Discussion in 'General Electronics Chat' started by aamirali, Jan 3, 2013.

  1. aamirali

    Thread Starter Member

    Feb 2, 2012

    I am preparing presenation on soldering
    1. I have to tell how to identify dry joint. is it right link

    Any other way to do this.

    2. Also what is heating element inside the iron.
  2. t06afre

    AAC Fanatic!

    May 11, 2009
    As I see it a dry solder joint is a solder joint. That is not proper. The joint may have degraded over time. Due to heat cycling, vibration, chemical reaction, and so on. In production it can also be a joint completely free of solder. A dry joint may also have been caused by dirty/greasy solder surfaces. This is not so common in the industry. The unskilled hobbyist may also use to little heat and solder. And hence cause a poor solder joint. But some may refer to this as cold solder joint. But I will say it fits the description for a dry solder joint. On this web site I found a lot examples of the latter
    Use Google and search for dry solder joint. You will find a lot of pictures much better than your example
  3. nerdegutta


    Dec 15, 2009
    Completely off topic, but my father had a Mercedes 190 for 22 years.

    He sold it 6 months ago, and regrets it. Everytime we're talking about his new car, he says:"... but that's nothing compared to the Mercedes!"

  4. ErnieM

    AAC Fanatic!

    Apr 24, 2011
    A dry joint is one with less solder then required. In the attached image most joints show a generous fillet of solder, while the suspect joints have much less. When subjected to mechanical stress such as vibration a dry joint may fracture and give no contact or intermittent contact.
  5. SPQR


    Nov 4, 2011
    So a "dry solder joint" is different from a "cold solder joint"?
    (though the former can certainly lead to the latter).
  6. mcgyvr

    AAC Fanatic!

    Oct 15, 2009
    dry = not enough solder
    cold = inadequate heating of the leads (or lands) /poor solder adhesion to one or the other or both

    IPC has TONS of information/pictures/posters/dvds,etc.. on soldering (most not free though but readily all over the internet)
  7. takao21203

    AAC Fanatic!

    Apr 28, 2012
    A solder joint failed from exposure to stress (vibration, high voltage etc.) is NOT a dry joint.
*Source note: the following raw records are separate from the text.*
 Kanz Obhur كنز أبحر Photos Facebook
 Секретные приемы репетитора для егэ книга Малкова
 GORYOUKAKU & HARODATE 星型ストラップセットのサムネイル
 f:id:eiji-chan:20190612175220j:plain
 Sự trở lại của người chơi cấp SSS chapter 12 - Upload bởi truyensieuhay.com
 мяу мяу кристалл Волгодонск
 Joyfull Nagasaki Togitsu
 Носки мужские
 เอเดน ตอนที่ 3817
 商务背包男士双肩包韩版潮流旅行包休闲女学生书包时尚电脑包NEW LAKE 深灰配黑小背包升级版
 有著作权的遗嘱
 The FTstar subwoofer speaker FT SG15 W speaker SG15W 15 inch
    A dry joint is a failed joint. Some solder compositions don't take movement well. It depends on the flux. They can produce joints like shown in the picture, with a barely visible fracture.

    They may work some time, but then will fail prematurely.

    A cold joint is a joint where the solder failed to make contact with both sides. Often these don't have proper fillets structure. Often bad flux is the cause, or inexperienced operator.

    It could also be the material especially on thick metal pins. The flux might not be the right one, so the pin looks like it is covered, while indeed, it is not, or what's worse, there is only a loose contact.

    Before you make a presentation about soldering, you should have many years experience with soldering, and you should have come accross many PCBs.

    If you spread wrong information, this does not help anyone.

    Unfortunately not everything on the internet is up to standards.

    If you must, I suggest you consult a good book about soldering, and try to find some PDFs online. Solder manufacturer's might be the right place to look for such PDFs.

    tin/lead or tin solder wire is only one of many compositions used for industrial soldering.